To reduce the number of lookups needed in the CAM for each packet, filters within a filter-group are usually “flattened”, where user-defined filters (which could require multiple lookups in the CAM for each packet) are optimally combined to form the CAM filters that are actually installed in the CAM for packet searches. This process of flattening results in an increase in the number of filters to be installed in the CAM, but ensures that each packet will require only one lookup for a particular filter group (i.e., only one CAM lookup for each application), instead of multiple CAM lookups, as would be required per group if the filters were not flattened.

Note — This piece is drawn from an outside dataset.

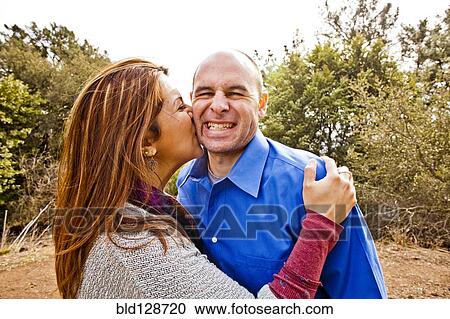 Stock Image - Hispanic couple kissing in park. Fotosearch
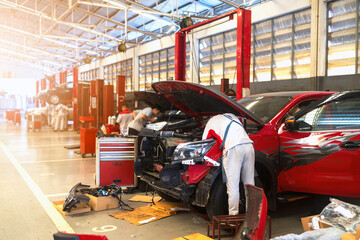 car in automobile repair service center with soft-focus and over light in the background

Whenever there is a change in user-defined policy that requires a change in filters for a particular application/filter-group, the filters for that particular group have to be flattened again. This may generate a completely new set of filters for that filter-group. Therefore, this new set of filters is downloaded to the CAM in a separate bank for the new filter-group, while the old filters are still being used for lookup. After the download process is completed, the banks for the given filter-group are switched so that the newly downloaded filters become active and the old bank, that has now become inactive, is free for use for the next download operation for the filter-group. Thus, essentially two banks are maintained for each filter-group: one bank that is active and is being used for doing lookups, and one bank that is reserved for downloading new filters. Additionally, since the number of filters in different filter-groups can vary widely (depending upon the characteristics requirements of the product for different applications), the inactive banks for different filter-groups cannot be shared even though only one bank is being downloaded at a time. Once the inactive bank is made active, the new spare bank that was earlier being used for one filter-group may not be big enough for the next filter-group that needs an update.
Thus, a major problem with the existing filter-bank implementation is that it requires double the needed CAM space for bank management. This wastes valuable CAM memory that is usually expensive and power-hungry. Also, it is not possible to use the CAM in a completely shared mode where filters not being used by one application can be utilized by another application.
A known approach that solves some of the problems of the existing filter-bank implementation is to make all filter-groups the same size. This allows the spare bank to be shared among all filter-groups, thus removing the need for a separate spare bank for each and every filter-group. However, this approach is still inefficient because it allocates the same amount of CAM space to an application requiring only a small number of filters as it allocates to an application requiring a large number of filters. For example, if a product needs to support up to 256 tunnels and up to 4K diffserv filters for Quality of Service (QoS) provisioning, the filter-group used for tunneling would be allocated as much CAM space as the filter-group used for diffserv, thereby wasting 16 times more CAM space than needed for tunnels. Thus, this approach works well only if the different applications require approximately the same amount of CAM space, thus reducing the amount of wasted CAM memory. However, this approach still does not allow the entire CAM to be used in a completely dynamically shared mode in which any application can use the filters not being used by another application. For example, this approach does not enable a user to install more than 256 tunnels in a CAM that has far less than 4 k diffserv filters configured.